Но что здесь действительно прекрасно, что делает эту картину просто замечательной, это не только героика, но и лиризм, поэтичность, напряженность действия. Вот чем должно быть поэтическое кино: не пьесы Шекспира, доведенные до среднего уровня, еще менее приемлемого, чем нынешние театральные постановки, но поэзия, воплощенная в образах, в которых жизнь проявляется ярче, чем в самом сюжете. На сцене это можно осуществить довольно грубо (с помощью слов), но киноискусство сродни романной прозе, а «Мы из Кронштадта» созданы соотечественниками Чехова и Тургенева. Разумеется, еще в ранних вещах Пудовкина мы видели прекрасные картины природы, но эти картины были жестко привязаны к революционной идее: мчащиеся облака, бури над азиатскими пустынями, ломающийся весенней порой балтийский лед — все это имело небольшую лирическую ценность, ведь такие кадры использовались метафорически для усиления однозначного смысла сюжета. С другой стороны, «Мы из Кронштадта», от первого до последнего кадра, буквально насыщены поэтическим смыслом (вспомним, как определял поэтическое Форд Мэдокс Форд: «не энергия аранжировки слов по мелодическому признаку, но энергия внушения»), подобно «Дворянскому гнезду», и, самое любопытное, несмотря на пушечные залпы, реющие знамена, рукопашные схватки, фильм пронизан такой же, как в романе, мягкой, задумчивой, меланхолической интонацией. Здесь есть сцена, исполненная юмора и высокой иронии, которая, кажется, могла быть целиком списана из романа какого‑нибудь великого классика. Зал и лестница в бывшем дворце на берегу Балтийского моря битком забиты солдатами и матросами, лежащими вповалку. На рассвете дверь на верхней площадке отворяется и показывается стайка мальчишек, тайком забравшихся во дворец. Они осторожно пробираются вниз, готовые, как мыши, при малейшем шорохе юркнуть в свое укрытие. Они ощупывают револьверы, винтовки, пулеметы, замирают, если кто‑то вдруг зашевелится во сне, и продолжают красться мимо спящих с одной только целью — прикоснуться к револьверной кобуре или стволу английской винтовки.

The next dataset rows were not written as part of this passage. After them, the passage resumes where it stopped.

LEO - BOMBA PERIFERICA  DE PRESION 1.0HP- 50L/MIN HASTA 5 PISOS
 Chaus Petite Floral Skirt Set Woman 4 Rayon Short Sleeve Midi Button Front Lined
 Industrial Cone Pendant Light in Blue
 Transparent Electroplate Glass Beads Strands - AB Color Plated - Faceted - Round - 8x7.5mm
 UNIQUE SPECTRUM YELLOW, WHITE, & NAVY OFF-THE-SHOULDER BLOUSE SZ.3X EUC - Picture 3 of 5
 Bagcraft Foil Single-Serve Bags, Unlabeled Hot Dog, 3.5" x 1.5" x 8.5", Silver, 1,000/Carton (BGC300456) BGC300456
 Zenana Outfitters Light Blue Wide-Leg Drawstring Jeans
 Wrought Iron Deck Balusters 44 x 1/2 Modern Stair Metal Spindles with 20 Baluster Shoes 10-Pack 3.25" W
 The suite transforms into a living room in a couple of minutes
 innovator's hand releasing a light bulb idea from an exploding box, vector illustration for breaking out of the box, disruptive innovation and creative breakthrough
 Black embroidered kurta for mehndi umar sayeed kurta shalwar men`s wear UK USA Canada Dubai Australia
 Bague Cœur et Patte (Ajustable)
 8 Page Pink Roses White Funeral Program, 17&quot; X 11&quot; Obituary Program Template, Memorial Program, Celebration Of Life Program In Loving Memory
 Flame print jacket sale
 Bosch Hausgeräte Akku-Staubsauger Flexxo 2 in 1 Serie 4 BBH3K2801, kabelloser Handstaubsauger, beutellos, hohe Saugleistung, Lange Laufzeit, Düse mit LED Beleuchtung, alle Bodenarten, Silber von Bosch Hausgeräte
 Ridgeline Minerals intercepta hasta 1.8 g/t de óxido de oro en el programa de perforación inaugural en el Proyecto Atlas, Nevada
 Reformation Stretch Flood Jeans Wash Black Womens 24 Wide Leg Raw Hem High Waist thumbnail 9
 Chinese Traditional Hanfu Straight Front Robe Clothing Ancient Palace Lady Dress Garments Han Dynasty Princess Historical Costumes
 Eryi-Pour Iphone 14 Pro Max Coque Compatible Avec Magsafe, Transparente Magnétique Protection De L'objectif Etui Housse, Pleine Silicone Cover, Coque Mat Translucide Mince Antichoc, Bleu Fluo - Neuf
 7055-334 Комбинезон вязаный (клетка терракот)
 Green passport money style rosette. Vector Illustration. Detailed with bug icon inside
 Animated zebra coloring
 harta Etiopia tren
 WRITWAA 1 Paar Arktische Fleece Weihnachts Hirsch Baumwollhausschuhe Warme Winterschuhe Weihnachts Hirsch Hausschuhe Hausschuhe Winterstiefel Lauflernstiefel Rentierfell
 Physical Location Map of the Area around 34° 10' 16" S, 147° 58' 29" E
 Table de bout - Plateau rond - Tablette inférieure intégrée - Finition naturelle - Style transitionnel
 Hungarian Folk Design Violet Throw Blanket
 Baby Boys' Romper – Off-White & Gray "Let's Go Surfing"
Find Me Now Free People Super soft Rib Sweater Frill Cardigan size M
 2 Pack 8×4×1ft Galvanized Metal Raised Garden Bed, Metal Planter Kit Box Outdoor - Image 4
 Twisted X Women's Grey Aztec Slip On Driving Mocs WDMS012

Можно привести еще множество аналогичных примеров поэтического использования образов и ситуаций: чайки, парящие в небе над скалами, где выстроились в ряд пленные красные, чтобы встретить в море свою смерть, — камера задерживается на тяжелых камнях, привязанных к их шеям, затем ловит легкое движение белых крыльев чаек. Одинокое почерневшее дерево нависает над массивными каменными стенами Кронштадта, над скамейкой, где матрос сжимает в объятиях женщину, а вдалеке виден мрачный прибой, движущиеся огоньки и силуэты пушек на боевых кораблях, откуда- то из тьмы доносится пение матросов, возвращающихся в свой железный дом. Вспоминается чеховское определение задачи писателя: жизнь как она есть, какой она должна быть. Каждый поэтический образ выбран по контрасту для изображения безмятежной будничности человеческого существования даже в героическую и тревожную пору войны.